Нам здешний мир так много говорит![1693]

Гёте рисует сцены будущего, представляя, что еще эпоха модерна может сделать с человеком. Например, она может создать человека в лаборатории. Сцены с Гомункулом – вклад Гёте в философское осмысление антропотехники. В конечном итоге не Фаусту, а его ученику, обладателю многих ученых знаний Вагнеру удается создать в пробирке нечто чудовищное. «Чу! Колокол звонит!
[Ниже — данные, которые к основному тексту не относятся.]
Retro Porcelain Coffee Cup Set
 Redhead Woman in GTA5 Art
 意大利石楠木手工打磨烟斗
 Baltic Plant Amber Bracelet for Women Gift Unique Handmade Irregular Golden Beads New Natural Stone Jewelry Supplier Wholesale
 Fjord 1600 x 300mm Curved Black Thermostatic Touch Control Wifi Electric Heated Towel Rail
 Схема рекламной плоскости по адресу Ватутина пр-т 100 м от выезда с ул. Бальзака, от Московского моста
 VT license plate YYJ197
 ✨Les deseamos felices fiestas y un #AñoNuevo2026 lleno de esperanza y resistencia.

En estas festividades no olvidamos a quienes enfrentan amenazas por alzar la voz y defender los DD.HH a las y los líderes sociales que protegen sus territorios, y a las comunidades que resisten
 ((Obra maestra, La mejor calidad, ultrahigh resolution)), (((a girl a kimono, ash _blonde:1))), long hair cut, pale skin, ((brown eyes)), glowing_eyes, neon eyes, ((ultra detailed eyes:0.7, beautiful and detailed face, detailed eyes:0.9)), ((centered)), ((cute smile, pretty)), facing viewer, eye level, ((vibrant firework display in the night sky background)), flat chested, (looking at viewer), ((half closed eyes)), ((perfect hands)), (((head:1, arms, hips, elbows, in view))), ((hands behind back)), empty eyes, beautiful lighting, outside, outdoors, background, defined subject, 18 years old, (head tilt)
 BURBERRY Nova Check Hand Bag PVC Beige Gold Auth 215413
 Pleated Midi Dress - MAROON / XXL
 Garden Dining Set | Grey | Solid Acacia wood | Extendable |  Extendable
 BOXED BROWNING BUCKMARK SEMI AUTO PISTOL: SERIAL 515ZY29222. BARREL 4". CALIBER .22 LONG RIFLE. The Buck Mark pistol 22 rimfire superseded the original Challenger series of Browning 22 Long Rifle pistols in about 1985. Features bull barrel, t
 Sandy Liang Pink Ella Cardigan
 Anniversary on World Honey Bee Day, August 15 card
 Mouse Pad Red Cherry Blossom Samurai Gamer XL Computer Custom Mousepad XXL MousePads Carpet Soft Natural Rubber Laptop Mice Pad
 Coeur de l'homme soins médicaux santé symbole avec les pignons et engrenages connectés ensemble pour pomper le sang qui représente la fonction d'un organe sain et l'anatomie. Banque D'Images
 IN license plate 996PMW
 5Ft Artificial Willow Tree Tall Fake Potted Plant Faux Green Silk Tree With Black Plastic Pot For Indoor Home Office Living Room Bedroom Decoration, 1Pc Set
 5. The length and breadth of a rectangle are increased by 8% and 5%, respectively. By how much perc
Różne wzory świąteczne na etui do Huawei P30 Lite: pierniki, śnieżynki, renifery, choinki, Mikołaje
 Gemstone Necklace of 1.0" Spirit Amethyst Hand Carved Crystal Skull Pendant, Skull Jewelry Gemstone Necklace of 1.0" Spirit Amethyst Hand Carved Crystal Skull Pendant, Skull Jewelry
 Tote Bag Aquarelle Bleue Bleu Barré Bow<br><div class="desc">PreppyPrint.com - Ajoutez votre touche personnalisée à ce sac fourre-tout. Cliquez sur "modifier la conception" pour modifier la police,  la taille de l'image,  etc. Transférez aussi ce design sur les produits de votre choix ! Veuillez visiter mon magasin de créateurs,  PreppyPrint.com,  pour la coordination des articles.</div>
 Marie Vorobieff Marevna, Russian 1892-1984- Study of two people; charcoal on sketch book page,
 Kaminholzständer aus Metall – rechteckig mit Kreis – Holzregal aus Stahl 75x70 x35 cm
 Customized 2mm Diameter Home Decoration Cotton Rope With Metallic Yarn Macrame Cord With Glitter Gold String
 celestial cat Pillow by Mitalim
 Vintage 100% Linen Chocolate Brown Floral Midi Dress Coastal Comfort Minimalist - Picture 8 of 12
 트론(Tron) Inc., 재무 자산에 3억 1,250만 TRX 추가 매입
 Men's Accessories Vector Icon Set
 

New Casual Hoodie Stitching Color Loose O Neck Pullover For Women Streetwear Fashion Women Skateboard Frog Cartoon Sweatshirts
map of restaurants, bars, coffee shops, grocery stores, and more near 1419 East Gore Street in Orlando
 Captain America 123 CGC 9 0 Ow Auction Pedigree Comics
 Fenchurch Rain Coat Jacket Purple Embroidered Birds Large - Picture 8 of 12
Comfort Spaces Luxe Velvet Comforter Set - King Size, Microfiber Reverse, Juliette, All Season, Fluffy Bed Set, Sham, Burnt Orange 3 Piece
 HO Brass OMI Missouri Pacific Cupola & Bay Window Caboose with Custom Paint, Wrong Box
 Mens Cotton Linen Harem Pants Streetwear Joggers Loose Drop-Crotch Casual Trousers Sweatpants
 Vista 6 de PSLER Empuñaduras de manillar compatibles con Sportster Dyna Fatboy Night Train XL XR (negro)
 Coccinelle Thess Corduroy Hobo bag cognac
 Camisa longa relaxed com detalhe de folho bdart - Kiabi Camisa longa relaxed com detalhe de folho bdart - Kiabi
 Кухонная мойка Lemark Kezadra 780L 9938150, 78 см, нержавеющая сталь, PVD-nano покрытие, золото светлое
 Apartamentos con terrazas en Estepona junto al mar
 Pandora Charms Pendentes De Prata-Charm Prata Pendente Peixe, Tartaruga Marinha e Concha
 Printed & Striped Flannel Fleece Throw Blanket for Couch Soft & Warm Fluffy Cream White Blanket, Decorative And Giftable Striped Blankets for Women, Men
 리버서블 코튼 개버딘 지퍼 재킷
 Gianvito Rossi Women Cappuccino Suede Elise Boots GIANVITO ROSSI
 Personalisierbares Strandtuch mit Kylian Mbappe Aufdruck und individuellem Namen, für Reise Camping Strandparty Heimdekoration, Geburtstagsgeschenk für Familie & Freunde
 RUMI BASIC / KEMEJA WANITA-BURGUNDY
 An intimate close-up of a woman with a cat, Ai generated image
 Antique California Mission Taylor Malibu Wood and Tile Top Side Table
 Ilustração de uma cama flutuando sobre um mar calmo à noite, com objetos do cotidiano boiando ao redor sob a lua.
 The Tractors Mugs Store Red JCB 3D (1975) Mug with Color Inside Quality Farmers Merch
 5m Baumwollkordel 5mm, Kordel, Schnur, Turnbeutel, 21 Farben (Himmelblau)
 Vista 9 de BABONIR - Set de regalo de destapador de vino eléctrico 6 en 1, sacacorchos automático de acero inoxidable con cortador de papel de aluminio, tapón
От звона // Приходят стены в содроганье»[1694] – этими словами открывается сцена в лаборатории, и Вагнер, дойдя до решающей стадии своих экспериментов, шепотом признается Мефистофелю, что занимается «созданием человека». Первоначально Гёте задумывал сделать экспериментатором самого Фауста, но затем изменил свое решение в пользу Вагнера, однако и Фауст, и Мефистофель должны были находиться в лаборатории и наблюдать за происходящим, а самое главное – опыт должен был удаться. «Химический человечек <…> в мгновение ока разбивает светящуюся реторту и оказывается подвижным, хорошо сложенным коротышкой»[1695]. В окончательной редакции Фауст в этот момент лежит без чувств, и в комнате находится лишь Мефистофель, который не просто наблюдает, но и участвует в происходящем. Главное же отличие от первоначального замысла заключается в том, что Гомункул рождается на свет как бы наполовину – к обычной жизни он непригоден, поэтому так и остается в колбе. Однако в своей любви к существу, его породившему, он – человек. Сделанный искусственно, он хочет, чтобы с ним обращались как с рожденным, хочет, чтобы его любили. Любовь – это условие, без которого невозможно его дальнейшее существование. Поэтому он говорит, обращаясь к Ваг неру: «А, папенька! Я зажил не шутя. // Прижми нежней к груди свое дитя!»[1696] Но это невозможно, их разделяет стеклянная стенка колбы – так жизнь преподносит Гомункулу первый урок:

Вот неизбежная вещей изнанка:
Природному Вселенная тесна,
Искусственному ж замкнутость нужна[1697].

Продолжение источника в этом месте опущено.